L’appel de la connexion. Je n’ai donc pas réussi à déconnecter, certes, mais je me suis reconnecté à autre chose qu’aux alertes et messages débiles d’inconnus sur Messenger. Tandis que mon fidèle compagnon à quatre pattes me précède sur les chemins, je ressens l’appel de la forêt, ce silence, ces arbres bienveillants, ces montagnes spectaculaires, et ce chien qui, peu à peu, retourne à l’état sauvage.
Tout en me prenant pour un trappeur dans le Grand Nord, me vient cette idée d’écouter des récits de voyage : L’appel de la forêt de Jack London, bien sûr, mais aussi Dans les forêts de Sibérie de Sylvain Tesson (lu par lui), ou encore Voyage avec un âne dans les Cévennes, de Robert Louis Stevenson. L’appel de la forêt a sonné sur mon smartphone en quelque sorte.

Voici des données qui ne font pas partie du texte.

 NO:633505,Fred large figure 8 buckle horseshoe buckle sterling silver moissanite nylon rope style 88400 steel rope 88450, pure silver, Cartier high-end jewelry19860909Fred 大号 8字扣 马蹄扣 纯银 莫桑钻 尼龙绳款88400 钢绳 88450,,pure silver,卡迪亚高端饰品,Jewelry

Je télécharge les fichiers sur le site Audible.fr, je lance la lecture, et me voilà immergé, grâce à la littérature, dans un univers d’aventures et de pistes enneigées. Boire une vodka avec Sylvain Tesson sur le lac Baïkal gelé, prendre place dans le traîneau tiré par Buck le chien pour me ruer vers l’or, traverser les Cévennes en compagnie de l’auteur de L’île au Trésor libèrent dans mes écouteurs cette impression de vivre, au milieu des sapins, des instants extraordinaires. Grâce à mon smartphone. La déconnexion grâce à la connexion !

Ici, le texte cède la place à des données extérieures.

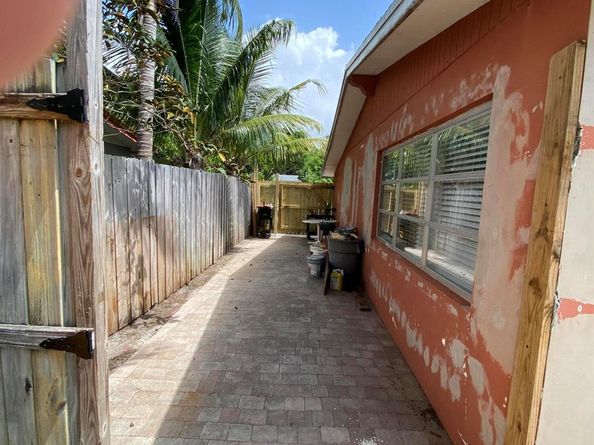 124 SE 11th Street, Deerfield Beach FL 33441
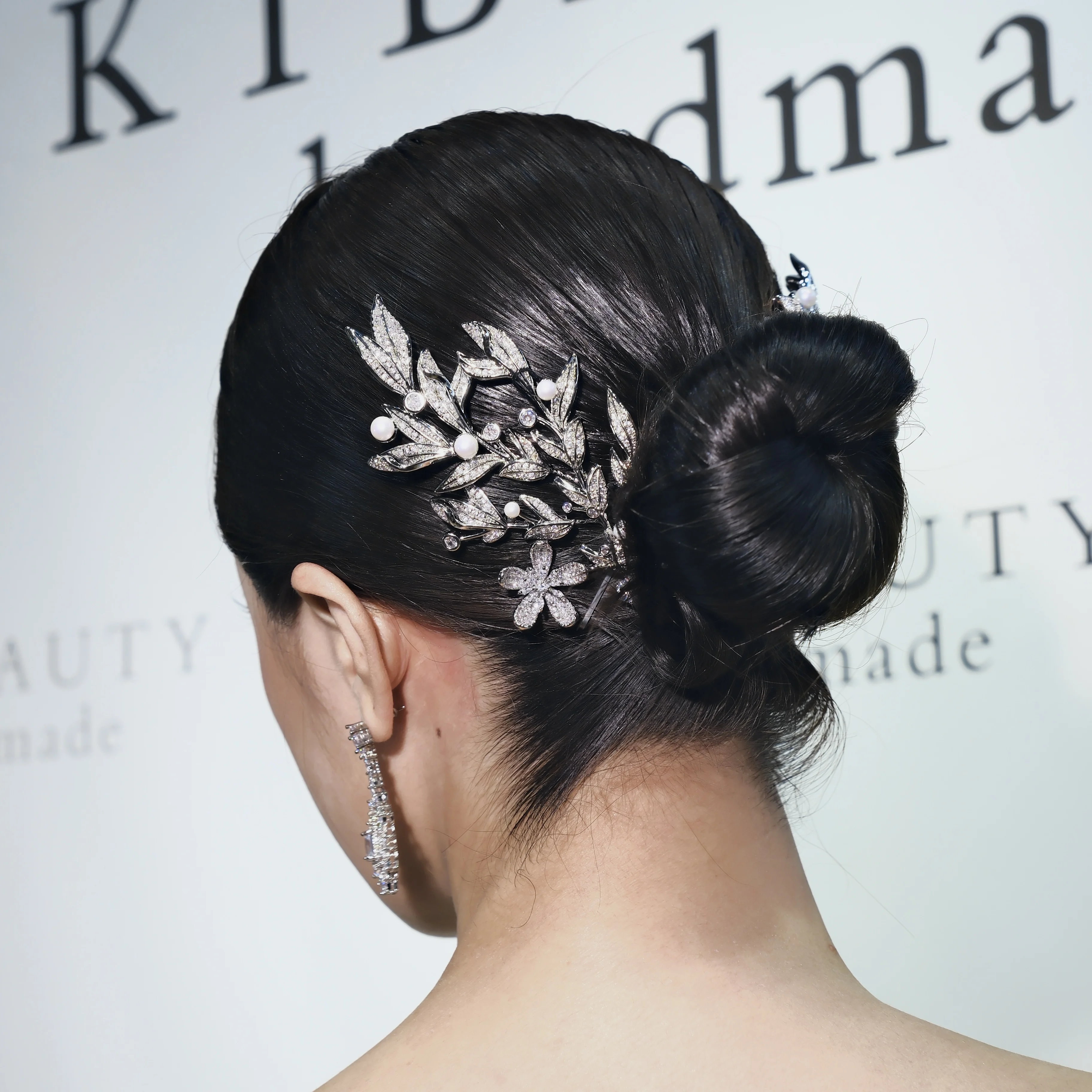 KTBEAUTY 2024 New Styles White Stones Cubic Zirconia Luxury Bridal Headpieces Flowers Pearls Comb For Wedding
KTBEAUTY 2024 New Styles White Stones Cubic Zirconia Luxury Bridal Headpieces Flowers Pearls Comb For Wedding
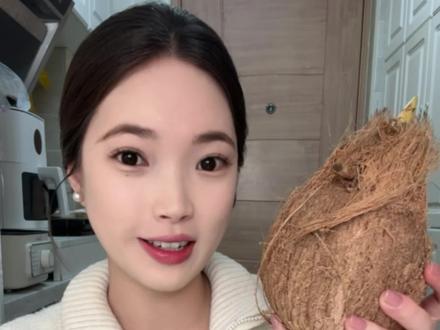 网上很火的吃播流量密码试吃!!#吃播 #流量密码 #测评 #美食测评 #小众水果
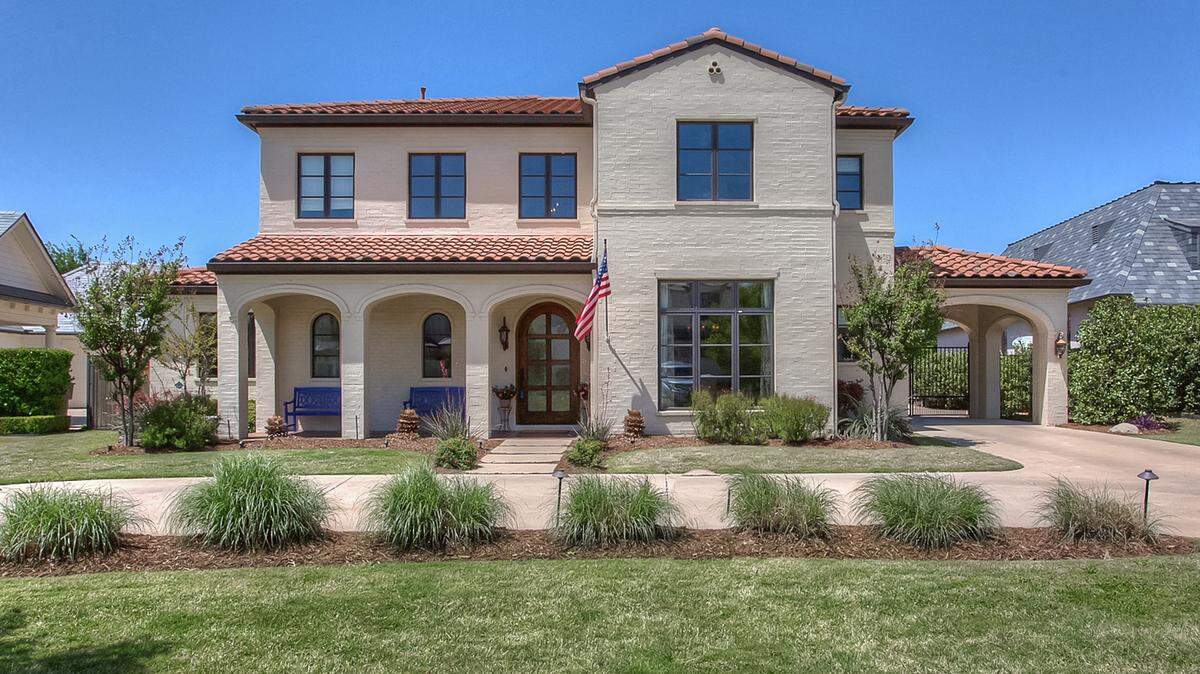 The home at 4148 Idlewild Drive is open Sunday, October 6 from 2 to 4 p.m.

La possibilité d’une aventure. Il y a les vacances qui vous reposent et celles qui vous transforment. J’aurais pu passer des heures à skier, à faire du bobsleigh, du parapente ou de l’alpinisme qu’elles n’auraient pas compté dans ma mémoire sans ces récits de voyage à 19,90 euros les sept heures de lecture. Leurs auteurs et leurs lecteurs m’ont emmené au bout du monde, alors que je réglais gentiment mes pas sur ceux de mon chien qui se prenait, lui, pour un loup. Le livre audio d’aventures, dans les bois, dans la neige, c’est pas idiot pour se persuader que l’aventure est encore possible. Même dans un monde entièrement couvert par le Wifi. Dans le téléphérique du retour, je n’ai toujours pas résolu la contradiction entre connexion et déconnexion, mais je m’en fous. Je rouvre Instagram et y publie la photo du chien au pied d’un sapin, accompagnée de cette citation de l’aventurier voyageur Sylvain Tesson. Elle est tirée du récit de ses six mois passés dans les forêts de Sibérie. “Le froid, le silence et la solitude sont des états qui se négocieront demain plus chers que l’or.”* Sacré Sylvain ! J’ai l’impression d’avoir passé mes vacances avec lui, dans ses pas, dans sa cabane en Sibérie. Tout cela grâce à cette technologie dont il écrit tant de mal, mais qui m’a permis de l’écouter avec tant de plaisir. ■
*Dans les forêts de Sibérie, de Sylvain Tesson, Éditions Gallimard, collection Blanche, 2011, 270 pages.